BEGIN Study material
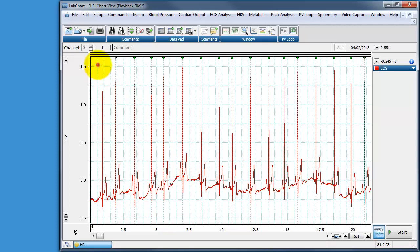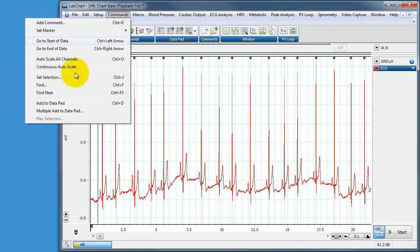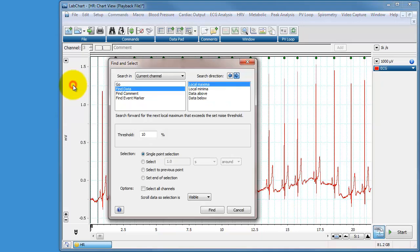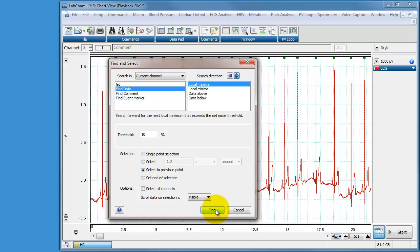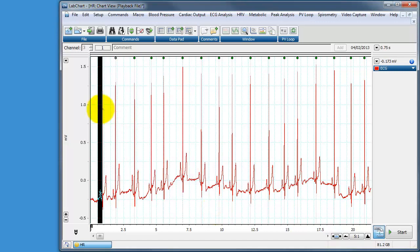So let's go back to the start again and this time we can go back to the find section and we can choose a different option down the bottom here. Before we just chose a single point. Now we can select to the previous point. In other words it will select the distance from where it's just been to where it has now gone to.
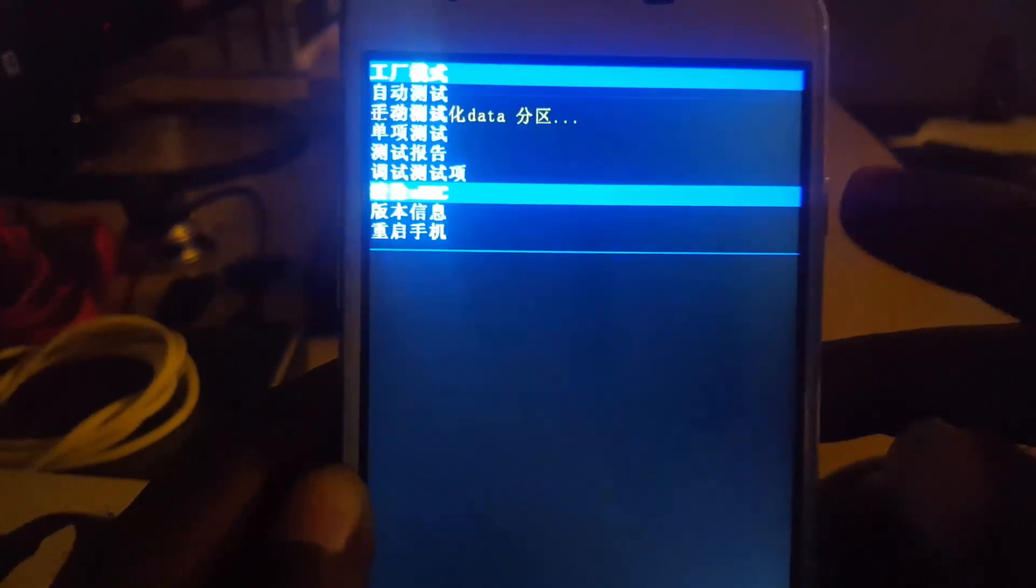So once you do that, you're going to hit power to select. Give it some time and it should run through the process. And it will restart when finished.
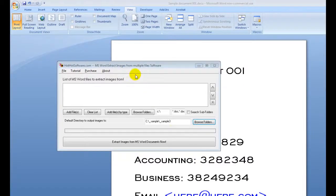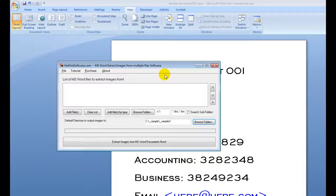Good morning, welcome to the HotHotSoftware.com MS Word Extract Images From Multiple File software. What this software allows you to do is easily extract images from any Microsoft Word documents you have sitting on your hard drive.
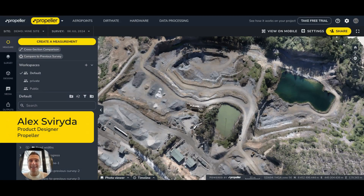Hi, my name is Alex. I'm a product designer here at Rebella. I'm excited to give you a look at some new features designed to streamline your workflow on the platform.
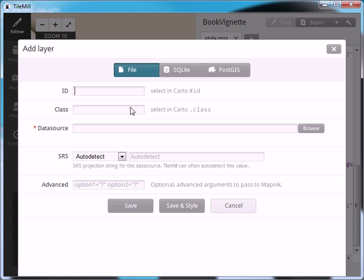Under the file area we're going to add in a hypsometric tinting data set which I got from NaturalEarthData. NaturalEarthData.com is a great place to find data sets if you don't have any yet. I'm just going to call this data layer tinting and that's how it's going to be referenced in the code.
END Study material
Problem statement »
Starting with the line that contains "So once you", give the lines again exactly as they appear through the last line of the data, pictures excluded.

Result of this task »
So once you do that, you're going to hit power to select. Give it some time and it should run through the process. And it will restart when finished.
Good morning, welcome to the HotHotSoftware.com MS Word Extract Images From Multiple File software. What this software allows you to do is easily extract images from any Microsoft Word documents you have sitting on your hard drive.
Hi, my name is Alex. I'm a product designer here at Rebella. I'm excited to give you a look at some new features designed to streamline your workflow on the platform.
Under the file area we're going to add in a hypsometric tinting data set which I got from NaturalEarthData. NaturalEarthData.com is a great place to find data sets if you don't have any yet. I'm just going to call this data layer tinting and that's how it's going to be referenced in the code.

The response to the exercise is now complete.